Which generation is most likely to face such a cost burden? The answer may not be what you’d think, according to a new study from ABODO Apartments.
Nearly two-thirds of Millennials rent rather than own, and since the oldest Millennials have yet to reach their 35th birthdays, it’s safe to say they’re at or near the beginning of their careers. Their lower earning power, in theory, translates into a higher hurdle for meeting the monthly rent check.
However, ABODO says, on the whole that isn’t the case. Slightly over 30% of Millennials overall face a housing cost burden, while 46.5% of Millennial renters do. Baby Boomers are far less likely to rent—with just 23.3% of them doing so, although that number is expected to grow significantly—but among renting Boomers, 49% are cost-burdened.
ABODO attributes this largely to the fixed incomes that come with retirement or semi-retirement. At an average of $890 per month—compared to $980 for Millennials and $1,050 for Gen Xers—Boomers pay the lowest median rents. That’s fortunate, ABODO says, “considering they earn the lowest median household income by nearly $7,000.” Renting Boomer households live on an income of $33,000, lower than the $39.900 median income earned by Millennials and $44,700 by Gen X.
We may see more Boomers running up against this cost hurdle. “According to the State of the Nation’s Housing 2017 report by Harvard’s Joint Center for Housing Studies, 44% of renter growth between 2005 and 2016 was due to households aged 55 and older,” states an ABODO report. “A Freddie Mac survey projects that number will grow, finding that 71% of those aged 55 and older expect to rent their next home, and 60% cite affordability as a main factor in their housing decisions.”

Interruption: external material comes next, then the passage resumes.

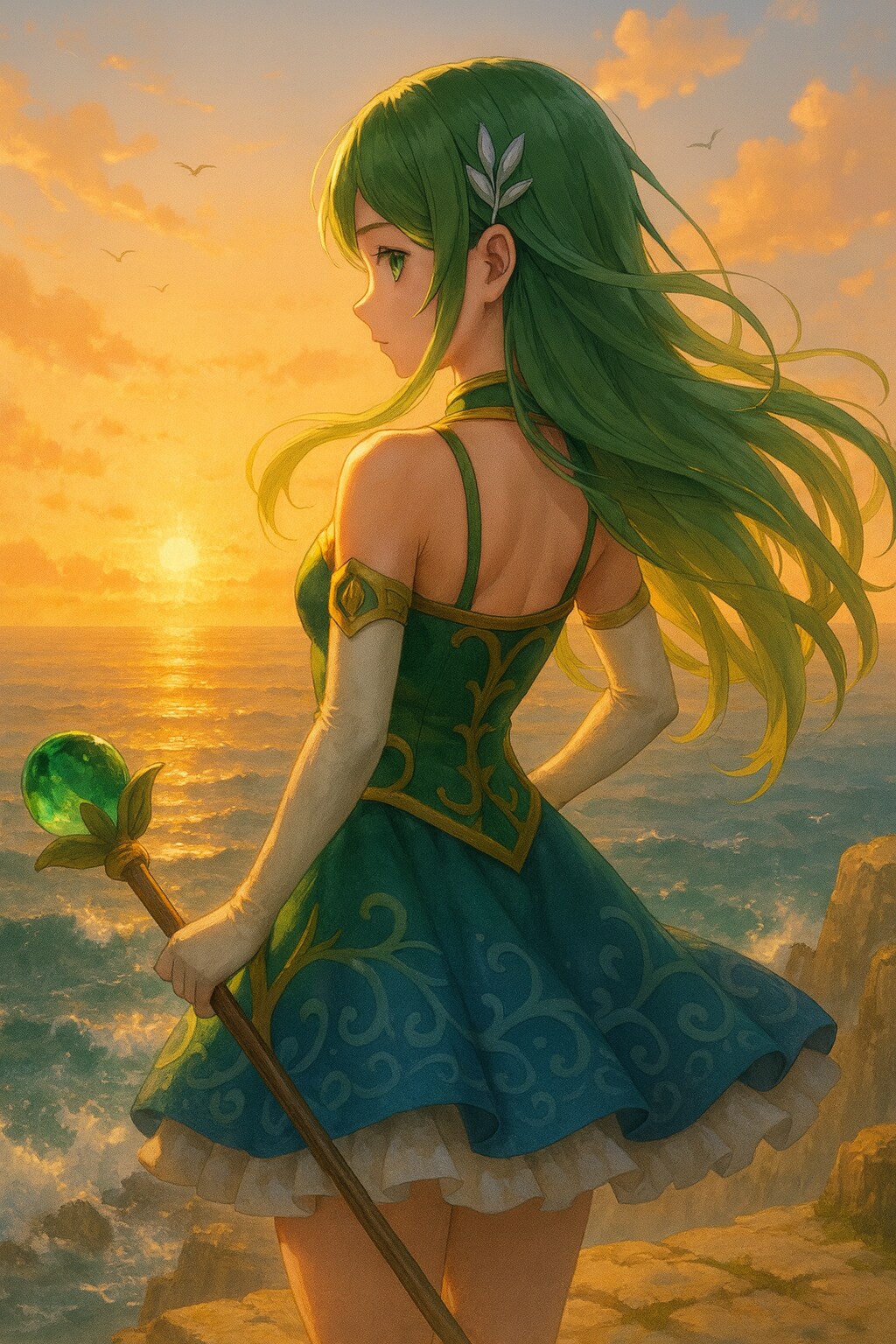 夕の水平線を見つめる魔法少女 | の人気AIイラスト・グラビア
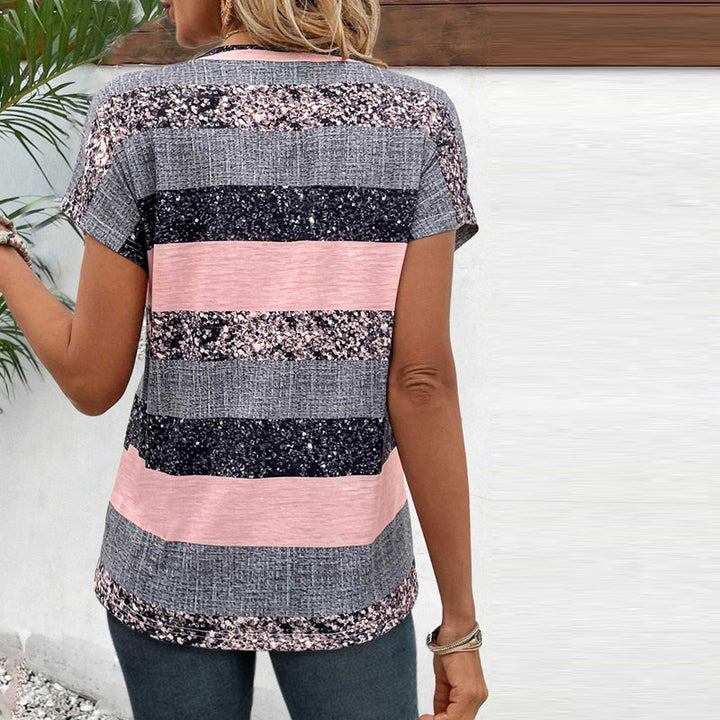 Women's T Shirt Striped Button Front | Short Sleeve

The youngest of the three generations, Millennials are alternately praised and scolded for their financial management. However, ABODO cites a recent study showing that “Millennials are concerned about their money, too: 67% say their financial stress plagues their thoughts and productivity at work. Considering that 80% of Millennials want to become homeowners—though only about a third have been able to hurdle the down payment—and are still falling below the cost burden mark in such high numbers, that stress seems inevitable.”